═════ SUPPLIED DATA

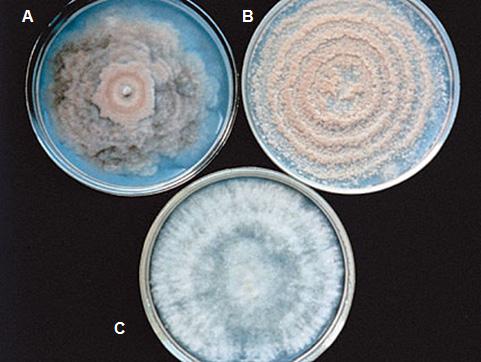Ageing bacterium colonies
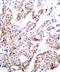 c-Myc antibody, STJ22300, St John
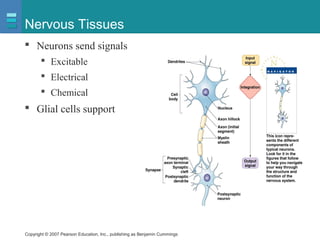 Copyright © 2007 Pearson Education, Inc., publishing as Benjamin Cummings
Nervous Tissues
 Neurons send signals
 Excitable
 Electrical
 Chemical
 Glial cells support
 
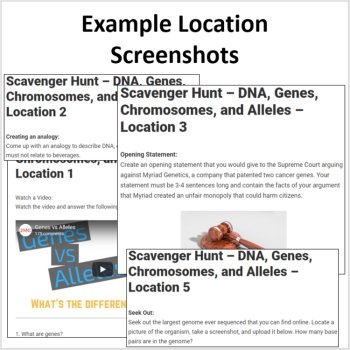 DNA, Genes, Chromosomes, and Alleles – A Digital Scavenger Hunt Activity, image 4
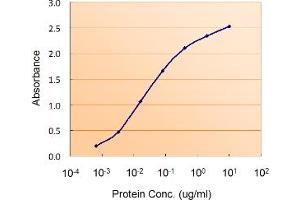 Sandwich ELISA using the DGAT2 antibody at 0. (DGAT2 antibody)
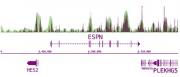 5-Methylcytosine (5-mC) antibody (mAb) tested by MeDIP-Seq analysis.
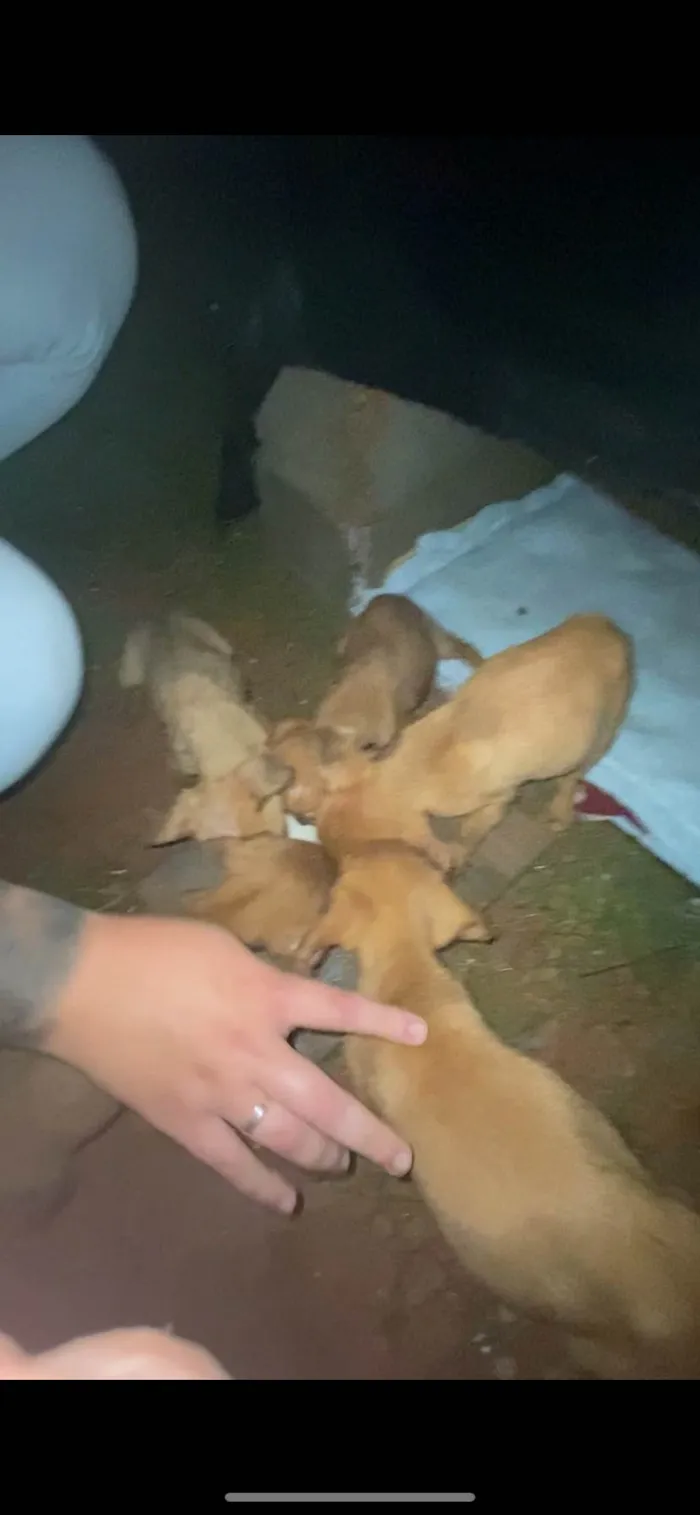 Cachorro ra a SRD-ViraLata idade 2 a 6 meses nome Sem nome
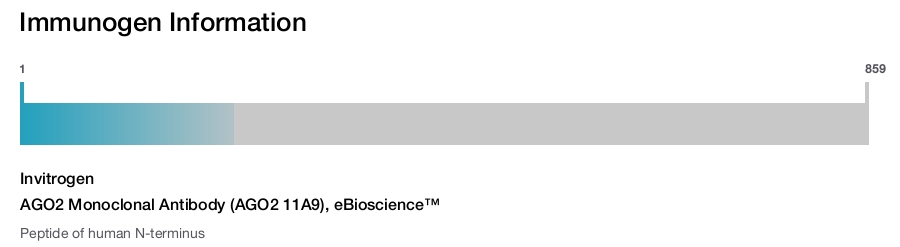 AGO2 Monoclonal Antibody (AGO2 11A9), eBioscience™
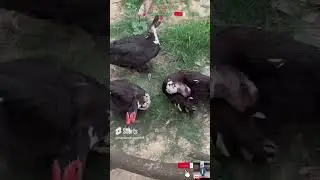Conversation between the ducks #duck #conversation #unity #nature #ducklover #beautiful  #viralvideo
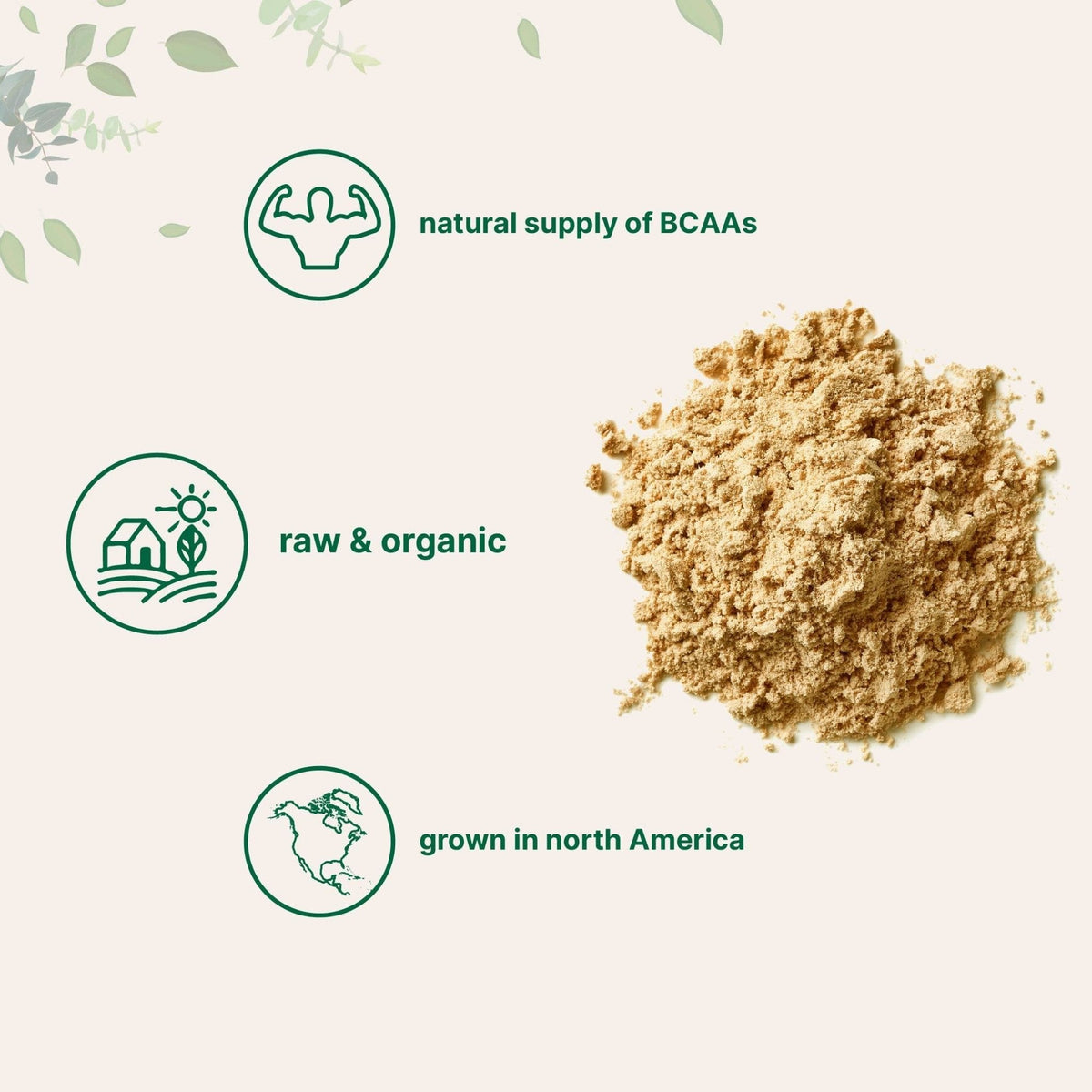 North America Grown, Organic Pea Protein Powder, 1KG (2.2 Pounds) | Plant-Based Vegan Protein, Meatless Protein Supplement, Natural Branched Chain Amino Acids | Non-GMO, Soy Free - PrimeBioHealth - canada supplements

══════════

ASSIGNED TASK
Your reply should be the full data above, copied exactly, with no pictures in it.

RESULT FOR THIS TASK
Ageing bacterium colonies
 c-Myc antibody, STJ22300, St John
 Copyright © 2007 Pearson Education, Inc., publishing as Benjamin Cummings
Nervous Tissues
 Neurons send signals
 Excitable
 Electrical
 Chemical
 Glial cells support
 
 DNA, Genes, Chromosomes, and Alleles – A Digital Scavenger Hunt Activity, image 4
 Sandwich ELISA using the DGAT2 antibody at 0. (DGAT2 antibody)
 5-Methylcytosine (5-mC) antibody (mAb) tested by MeDIP-Seq analysis.
 Cachorro ra a SRD-ViraLata idade 2 a 6 meses nome Sem nome
 AGO2 Monoclonal Antibody (AGO2 11A9), eBioscience™
Conversation between the ducks #duck #conversation #unity #nature #ducklover #beautiful  #viralvideo
 North America Grown, Organic Pea Protein Powder, 1KG (2.2 Pounds) | Plant-Based Vegan Protein, Meatless Protein Supplement, Natural Branched Chain Amino Acids | Non-GMO, Soy Free - PrimeBioHealth - canada supplements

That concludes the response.